Réunion du 8 novembre 2011 à 21h30
Projet de loi de finances pour 2012 — Outre-mer

Photo issue du site de l'Assemblée nationale ou de WikipediaJean-Christophe Lagarde :

Monsieur le président, madame la ministre, mes chers collègues, je tiens tout d'abord à remercier mon groupe de m'avoir pour la dixième année consécutive donné la chance, moi qui ne suis pas élu d'outre-mer, d'exprimer notre opinion sur le budget de l'outre-mer. Sachez que c'est pour moi un honneur.

Je saluerai aussi, monsieur le président, la constance dont vous faites preuve en étant présent à chaque débat budgétaire sur l'outre-mer, à l'instar de votre prédécesseur. Nous y voyons une marque d'attention pour nos compatriotes ultramarins. (Applaudissements sur les bancs du groupe UMP et sur quelques bancs du groupe SRC.)

Malgré un contexte budgétaire plus contraint que par le passé, les crédits de la mission « Outre-mer » s'élèveraient en 2012 à 2,18 milliards d'euros en autorisations d'engagement et 2,03 milliards d'euros en crédits de paiement, soit une progression respective de 1,1 % et 2,9 % quand tant d'autres budgets connaissent une régression.

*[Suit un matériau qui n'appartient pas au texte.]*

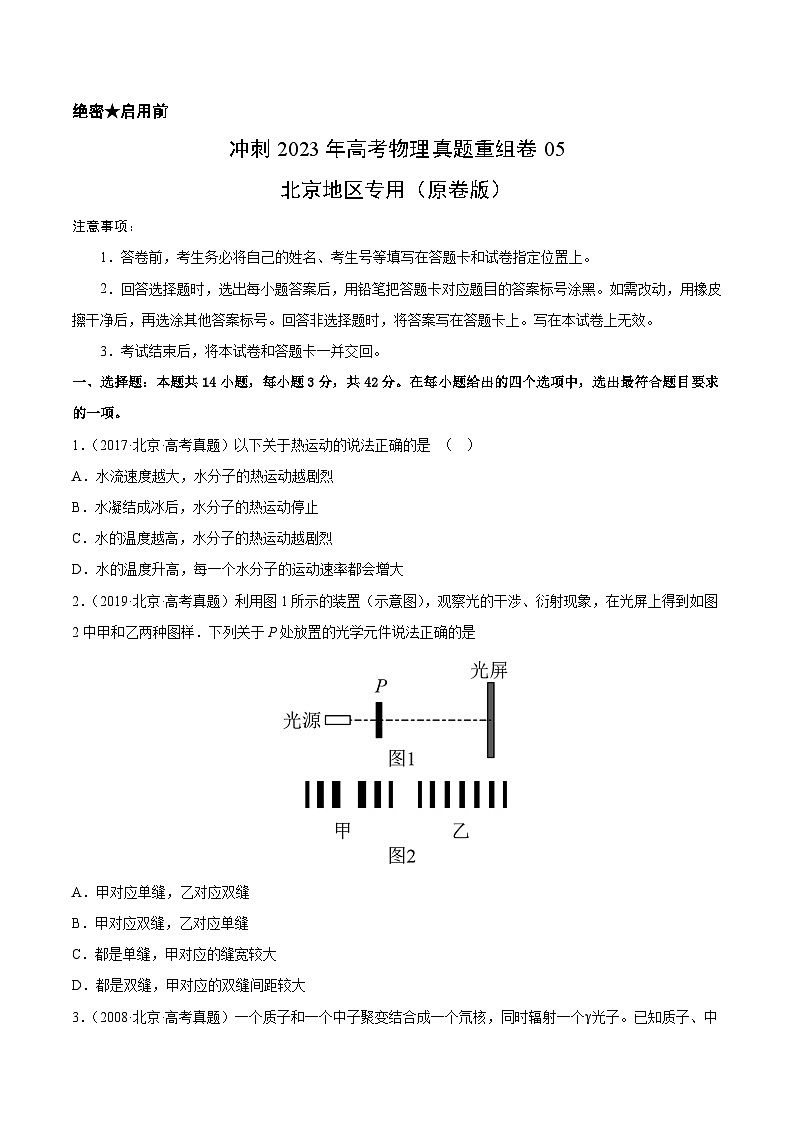 真题重组卷05——2023年高考物理真题汇编重组卷（北京专用）（原卷版）第1页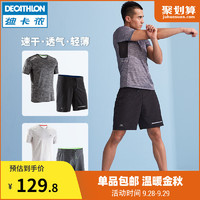迪卡侬运动套装男夏跑步健身宽松休闲速干t恤短袖短裤两件套RUNM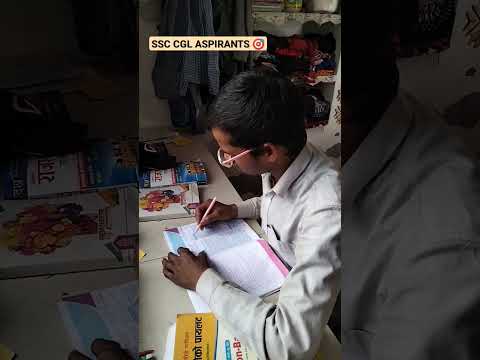 SSC CGL ASPIRANTS।#minivlog#minivlogandroid  #shorts #studyvlog #trending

Alors que les sommes allouées à cette mission subissaient l'an dernier un léger recul – les crédits avaient, pour cette année, diminué de 0,6 % en autorisations d'engagement et de 2,3 % en crédits de paiement –, je tiens à saluer, cette hausse des crédits qui, bien que réduite, témoigne d'un engagement de l'État aux côtés de nos concitoyens ultramarins, appréciable en cette période de rigueur budgétaire.

Notre débat intervient au terme d'une année qui voit la concrétisation de la loi pour le développement économique des outre-mer dont l'objectif était de redynamiser les économies ultramarines et les décisions du conseil interministériel de l'outre-mer de 2009.

À ce jour, bien qu'il se soit passé plus de dix-huit mois, madame la ministre, avant que le décret d'application ne soit publié, je note que ces réformes commencent à créer leurs premiers effets sur le développement économique des territoires ultramarins : je pense notamment à l'attribution d'aides budgétaires aux entreprises en matière de rénovation hôtelière ou encore au déploiement du dispositif de l'aide au fret, dont je regrettais l'an dernier à la même période un retard dans l'application.

Néanmoins, au-delà des effets de la crise que nous subissons tous, d'importants écarts, dus aux spécificités structurelles de l'outre-mer, subsistent avec la métropole : le taux de chômage est encore deux à trois fois plus élevé en outre-mer qu'en métropole, particulièrement chez les moins de trente ans, et le niveau de vie de la population y est toujours plus faible, parfois même inférieur de moitié par rapport à la métropole. À La Réunion, notamment, 52 % de la population vit en dessous du seuil de pauvreté.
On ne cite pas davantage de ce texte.